I decided instantly on a little shock therapy. "No!" I
said very emphatically.
"Oh," he responded, "I thought that was the product
you were pushing."
I let him get five steps from the classroom door and then called
out: "Tommy! I don’t think you’ll ever find him, but I am absolutely
certain that He will find you!" He shrugged a little and left my class and my life.
I felt slightly disappointed at the thought that he had missed my
clever line: "He will find you!" At least I thought it was clever. Later I heard
that Tommy had graduated and I was duly grateful.
Then a sad report, I heard that Tommy had terminal cancer. Before I
could search him out, he came to see me. When he walked into my office, his body was very
badly wasted, and the long hair had all fallen out as a result of chemotherapy. But his
eyes were bright and his voice was firm, for the first time, I believe. "Tommy,
I’ve thought about you so often. I hear you are sick!" I blurted out.
"Oh, yes, very sick. I have cancer in both lungs. It’s a
matter of weeks."
"Can you talk about it, Tom?"
"Sure, what would you like to know?"
"What’s it like to be only twenty-four and dying?"
"Well, it could be worse."
"Like what?"
"Well, like being fifty and having no values or ideals, like
being fifty and thinking that booze, seducing women, and making money are the real
‘biggies’ in life."
I began to look through my mental file cabinet under "S"

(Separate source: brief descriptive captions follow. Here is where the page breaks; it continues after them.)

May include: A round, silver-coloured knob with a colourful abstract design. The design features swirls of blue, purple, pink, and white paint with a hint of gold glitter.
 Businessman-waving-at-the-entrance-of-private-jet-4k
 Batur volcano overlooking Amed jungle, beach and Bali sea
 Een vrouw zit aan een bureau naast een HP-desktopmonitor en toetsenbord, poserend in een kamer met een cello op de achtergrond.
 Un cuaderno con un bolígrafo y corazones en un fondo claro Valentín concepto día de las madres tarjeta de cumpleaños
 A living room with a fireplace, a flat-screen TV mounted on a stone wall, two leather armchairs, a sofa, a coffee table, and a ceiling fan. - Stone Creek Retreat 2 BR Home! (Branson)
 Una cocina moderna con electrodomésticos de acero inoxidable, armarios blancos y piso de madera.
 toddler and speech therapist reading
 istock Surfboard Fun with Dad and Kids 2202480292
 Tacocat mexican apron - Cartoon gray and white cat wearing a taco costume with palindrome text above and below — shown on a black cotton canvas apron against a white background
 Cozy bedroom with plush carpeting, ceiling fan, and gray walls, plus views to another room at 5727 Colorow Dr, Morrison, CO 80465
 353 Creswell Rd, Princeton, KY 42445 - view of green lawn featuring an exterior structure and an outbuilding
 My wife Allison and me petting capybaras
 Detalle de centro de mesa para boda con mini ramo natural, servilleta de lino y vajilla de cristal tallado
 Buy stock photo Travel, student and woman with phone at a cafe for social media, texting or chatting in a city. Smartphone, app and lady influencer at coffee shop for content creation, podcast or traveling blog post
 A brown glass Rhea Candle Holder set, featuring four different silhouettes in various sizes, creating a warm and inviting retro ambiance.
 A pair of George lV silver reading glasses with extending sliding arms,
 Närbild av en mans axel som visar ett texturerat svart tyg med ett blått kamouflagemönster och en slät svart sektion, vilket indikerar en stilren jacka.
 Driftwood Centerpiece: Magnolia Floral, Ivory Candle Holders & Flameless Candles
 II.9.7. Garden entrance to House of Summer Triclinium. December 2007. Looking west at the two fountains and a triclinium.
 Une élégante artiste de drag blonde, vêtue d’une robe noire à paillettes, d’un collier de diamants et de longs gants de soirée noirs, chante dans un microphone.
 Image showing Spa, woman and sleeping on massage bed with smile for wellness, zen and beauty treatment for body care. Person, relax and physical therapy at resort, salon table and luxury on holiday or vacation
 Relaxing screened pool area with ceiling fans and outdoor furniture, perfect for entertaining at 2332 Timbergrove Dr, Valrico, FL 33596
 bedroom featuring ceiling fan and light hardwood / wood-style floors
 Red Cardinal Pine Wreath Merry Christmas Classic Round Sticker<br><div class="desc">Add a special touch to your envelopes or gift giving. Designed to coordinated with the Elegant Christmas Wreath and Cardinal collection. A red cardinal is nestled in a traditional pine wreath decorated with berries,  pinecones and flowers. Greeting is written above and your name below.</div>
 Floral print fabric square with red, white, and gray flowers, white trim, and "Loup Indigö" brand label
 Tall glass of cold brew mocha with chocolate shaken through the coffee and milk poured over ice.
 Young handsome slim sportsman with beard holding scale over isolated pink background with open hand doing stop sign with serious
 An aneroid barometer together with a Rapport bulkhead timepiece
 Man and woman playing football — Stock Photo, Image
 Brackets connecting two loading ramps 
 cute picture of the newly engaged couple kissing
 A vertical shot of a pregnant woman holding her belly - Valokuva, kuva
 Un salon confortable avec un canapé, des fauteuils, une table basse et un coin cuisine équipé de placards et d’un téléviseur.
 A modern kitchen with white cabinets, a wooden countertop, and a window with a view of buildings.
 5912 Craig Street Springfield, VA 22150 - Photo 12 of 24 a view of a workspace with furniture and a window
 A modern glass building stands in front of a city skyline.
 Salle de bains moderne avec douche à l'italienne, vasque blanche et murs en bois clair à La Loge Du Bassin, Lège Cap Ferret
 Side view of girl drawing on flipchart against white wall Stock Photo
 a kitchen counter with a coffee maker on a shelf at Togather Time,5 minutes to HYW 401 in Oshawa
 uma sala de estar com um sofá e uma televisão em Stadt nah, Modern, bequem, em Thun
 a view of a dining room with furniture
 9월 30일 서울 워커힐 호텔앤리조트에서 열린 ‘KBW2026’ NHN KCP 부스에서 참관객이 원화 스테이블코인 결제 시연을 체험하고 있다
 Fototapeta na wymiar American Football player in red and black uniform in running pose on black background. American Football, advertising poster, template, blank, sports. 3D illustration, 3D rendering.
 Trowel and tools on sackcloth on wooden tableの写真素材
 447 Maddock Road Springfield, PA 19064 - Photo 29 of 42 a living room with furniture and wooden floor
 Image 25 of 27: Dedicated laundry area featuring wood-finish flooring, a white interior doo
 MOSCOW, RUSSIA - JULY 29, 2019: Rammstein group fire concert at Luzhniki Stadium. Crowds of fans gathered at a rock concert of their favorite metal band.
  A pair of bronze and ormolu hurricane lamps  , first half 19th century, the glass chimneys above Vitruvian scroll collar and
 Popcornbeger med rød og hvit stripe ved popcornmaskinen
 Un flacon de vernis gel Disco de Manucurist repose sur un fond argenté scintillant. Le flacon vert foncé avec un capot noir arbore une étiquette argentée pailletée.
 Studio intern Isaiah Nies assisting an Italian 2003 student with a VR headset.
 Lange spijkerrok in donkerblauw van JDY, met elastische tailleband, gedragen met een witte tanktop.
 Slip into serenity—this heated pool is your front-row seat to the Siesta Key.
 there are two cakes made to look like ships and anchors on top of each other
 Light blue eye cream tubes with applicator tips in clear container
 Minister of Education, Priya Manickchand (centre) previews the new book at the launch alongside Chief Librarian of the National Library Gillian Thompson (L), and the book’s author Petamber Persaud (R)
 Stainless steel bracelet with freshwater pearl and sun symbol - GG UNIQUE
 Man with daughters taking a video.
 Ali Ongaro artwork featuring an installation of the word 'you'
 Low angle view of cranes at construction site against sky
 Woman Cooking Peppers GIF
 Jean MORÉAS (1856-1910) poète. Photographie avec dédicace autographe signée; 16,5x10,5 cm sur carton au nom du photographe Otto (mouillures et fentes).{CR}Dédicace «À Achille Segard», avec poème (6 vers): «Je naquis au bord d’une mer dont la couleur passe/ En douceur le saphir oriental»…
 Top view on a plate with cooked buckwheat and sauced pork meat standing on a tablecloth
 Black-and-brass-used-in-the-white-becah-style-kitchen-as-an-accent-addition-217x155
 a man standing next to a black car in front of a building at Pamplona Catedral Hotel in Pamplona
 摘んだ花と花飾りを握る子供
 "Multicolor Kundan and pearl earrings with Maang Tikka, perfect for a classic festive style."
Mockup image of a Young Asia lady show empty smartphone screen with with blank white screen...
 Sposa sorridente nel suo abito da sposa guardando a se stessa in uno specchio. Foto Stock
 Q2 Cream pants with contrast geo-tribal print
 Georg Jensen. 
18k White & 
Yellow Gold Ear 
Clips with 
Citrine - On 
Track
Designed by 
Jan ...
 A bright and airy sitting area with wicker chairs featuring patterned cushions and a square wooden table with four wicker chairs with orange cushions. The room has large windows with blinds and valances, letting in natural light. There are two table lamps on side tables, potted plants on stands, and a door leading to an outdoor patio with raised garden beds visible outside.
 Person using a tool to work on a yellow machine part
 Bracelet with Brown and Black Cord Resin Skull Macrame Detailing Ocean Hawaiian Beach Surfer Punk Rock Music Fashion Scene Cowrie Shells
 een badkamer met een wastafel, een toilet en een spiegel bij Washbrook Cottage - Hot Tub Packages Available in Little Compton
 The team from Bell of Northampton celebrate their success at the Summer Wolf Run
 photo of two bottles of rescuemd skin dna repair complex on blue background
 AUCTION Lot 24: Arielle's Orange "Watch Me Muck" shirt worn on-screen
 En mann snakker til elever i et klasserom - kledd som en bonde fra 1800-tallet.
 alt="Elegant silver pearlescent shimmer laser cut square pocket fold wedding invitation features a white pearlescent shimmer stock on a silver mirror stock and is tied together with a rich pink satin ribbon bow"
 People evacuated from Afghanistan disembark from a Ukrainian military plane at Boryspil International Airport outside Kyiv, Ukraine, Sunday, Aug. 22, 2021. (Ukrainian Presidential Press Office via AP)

where I had filed Tommy as strange. (It seems as though everybody I try to reject by
classification God sends back into my life to educate me.)
But what I really came to see you about," Tom said, " is
something you said to me on the last day of class." (He remembered!) He continued,
"I asked you if you thought I would ever find God and you said, ‘No!’ which
surprised me. Then you said, ‘But he will find you.’ I thought about that a lot,
even though my search for God was hardly intense at that time. (My "clever"
line. He thought about that a lot!) But when the doctors removed a lump from my groin and
told me that it was malignant, then I got serious about locating God. And when the
malignancy spread into my vital organs, I really began banging bloody fists against the
bronze doors of heaven.
But God did not come out. In fact, nothing happened. Did you ever
try anything for a long time with great effort and with no success? You get
psychologically glutted, fed up with trying. And then you quit.
Well, one day I woke up, and instead of throwing a few more futile
appeals over that high brick wall to a God who may be or may not be there, I just quit. I
decided that I didn’t really care ... about God, about an afterlife, or anything like
that. "I decided to spend what time I had left doing something more profitable. I
thought about you and your class and I remembered something else you had said: ‘The
essential sadness is to go through life without loving. But it would be almost equally sad
to go through life and leave this world without ever telling those you loved that you had
loved them.’ "So I began with the hardest one: my Dad. He was reading the
newspaper when I approached him."
"Dad". . .
"Yes, what?" he asked without lowering the newspaper.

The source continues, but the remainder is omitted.